An abacus (plurals abacuses or abaci), also called a counting frame, is a calculating tool for
performing arithmetical processes, often constructed as a wooden frame with beads sliding on wires. The user, called an
abacist, slides counters by hand on rods or in grooves.[1] It was in use centuries before the adoption of the written Hindu-Arabic numeral system and is still widely used by merchants and clerks in
China, Japan, Africa and
elsewhere.
Origins
The first abacus was almost certainly based on a flat stone covered with sand or dust. Words and letters were drawn in the
sand; eventually numbers were added[2] and pebbles used to
aid calculations.
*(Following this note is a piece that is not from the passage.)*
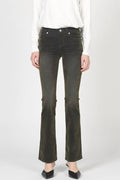 Jaxtyn Bootcut Jean In Olive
The Babylonians used this dust abacus as early as 2400 BC.[3] The origin of the
counter abacus with strings is obscure, but India, Mesopotamia or Egypt are seen as probable points of origin.[4] China played an essential part
in the development and evolution of the abacus.
From this, a variety of abaci were developed; the most popular were based on the bi-quinary system, using a combination of two bases (base-2 and base-5) to represent decimal
numbers. But the earliest abaci used first in Mesopotamia and later by scribes in Egypt and Greece used sexagesimal numbers represented with factors of 5, 2, 3, and 2 for each digit.
The use of the word abacus dates from before 1387, when a Middle English work
borrowed the word from Latin to describe a sandboard abacus. The Latin word came from
abakos, the Greek genitive form of
abax ("calculating-table"). Because abax also had the sense of "table sprinkled with sand or dust, used for drawing
geometric figures", some linguists speculate that the Greek word may be derived from a Semitic root, ābāq (pronounced "a-vak"), the
Hebrew word for "dust". Though details of the transmission are obscure, it may also be
derived from the Phoenician word abak, meaning "sand". The preferred plural
of abacus is a subject of disagreement, but both abacuses[5] and abaci[6] are in
use.
Babylonian abacus
Babylonians may have used the abacus for mathematical operations of addition and subtraction. However, this primitive device
proved difficult to use for more complex calculations.[7]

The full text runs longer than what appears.